Да, это не так уж и легко. Но одновременно и является привилегией: я работаю с такими людьми, с которыми работать просто невероятно. Также у меня есть свобода и возможность реализовывать свои идеи, не говоря уже про обмен опытом с вдохновляющими меня людьми.
Конечно, есть и минусы, но я такой человек, который всегда замечает только плюсы. Что же касается коммерции, то и в этом направлении наблюдается прогресс — в этой области все больше инвестиций. Кажется, все начинают понимать, что от развития науки зависит наше общее будущее.
Я лично не так давно даже не могла представить, что буду размышлять над собственным научным стартапом. Но мысли уже есть, что также является шагом к коммерческому процессу.

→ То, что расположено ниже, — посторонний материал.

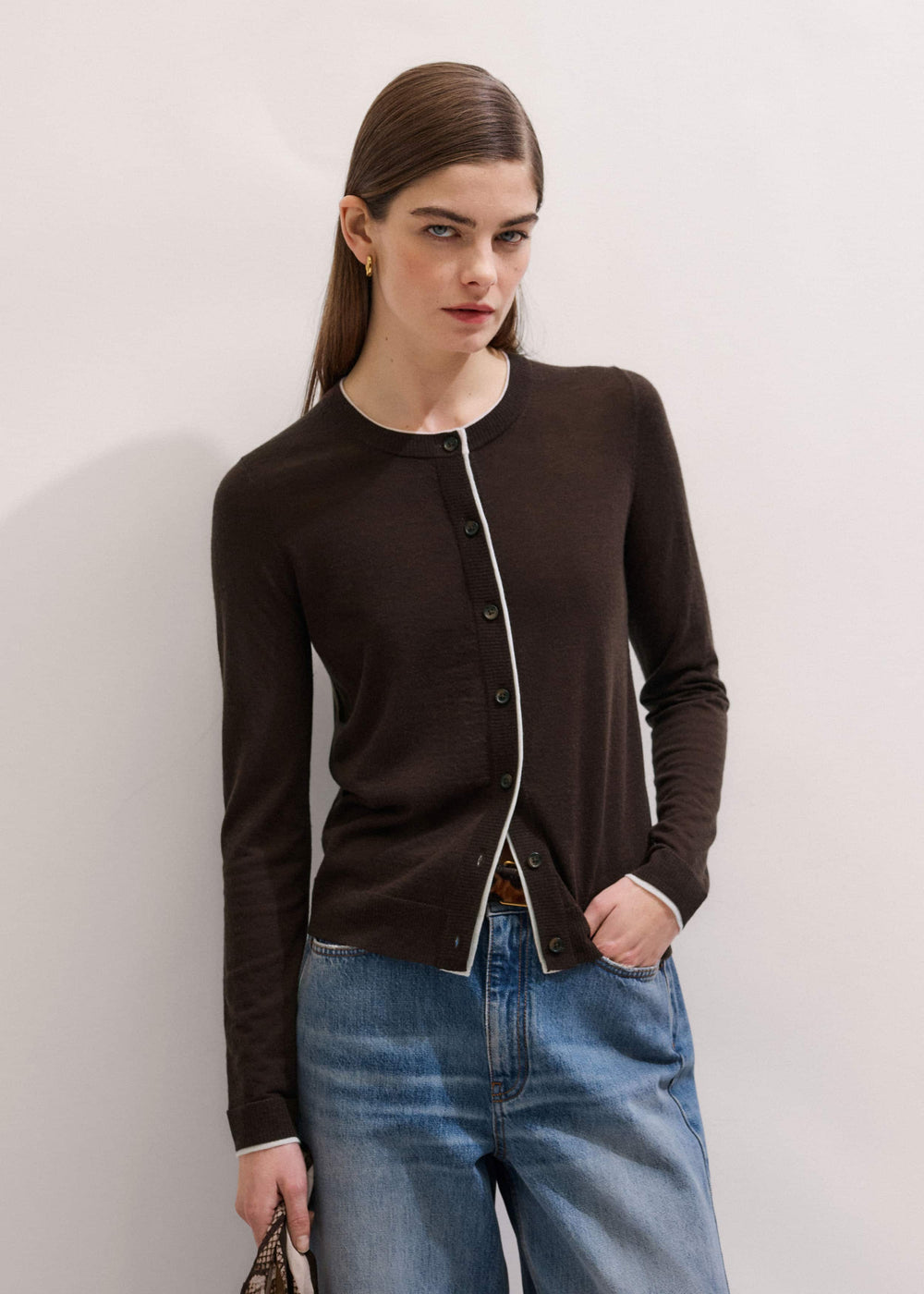 Brown Barely There Contrast Slim Cardigan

— Вы молодая женщина, влияет ли ваш возраст на карьеру или отношение к вам как специалисту?
— Нет, я ни разу не сталкивалась с дискриминацией или ограничениями. Но, действительно, есть позиции, где лучше быть немного старше. И наоборот — где-то ждут более молодых специалистов.
Однако в процессе публикации может случиться такое, что работа, написанная более зрелым автором, получает лучшие отзывы. Хотя глобально это не влияет на успех.
— Что нужно сделать в Беларуси, чтобы ее наука отвечала всем современным трендам?
— Скажем так — мне кажется, основной вопрос, который есть не только в Беларуси, — это финансирование науки. Она дорогостоящая и не приносит дивидендов «уже завтра» — это больше о будущем.
Поэтому получается так, что впереди находятся страны, осознавшие, что наука — долгосрочная инвестиция. Должна быть очень сильная поддержка государства и понимание, что наука не приносит деньги моментально. Но тем не менее это все равно очень важно.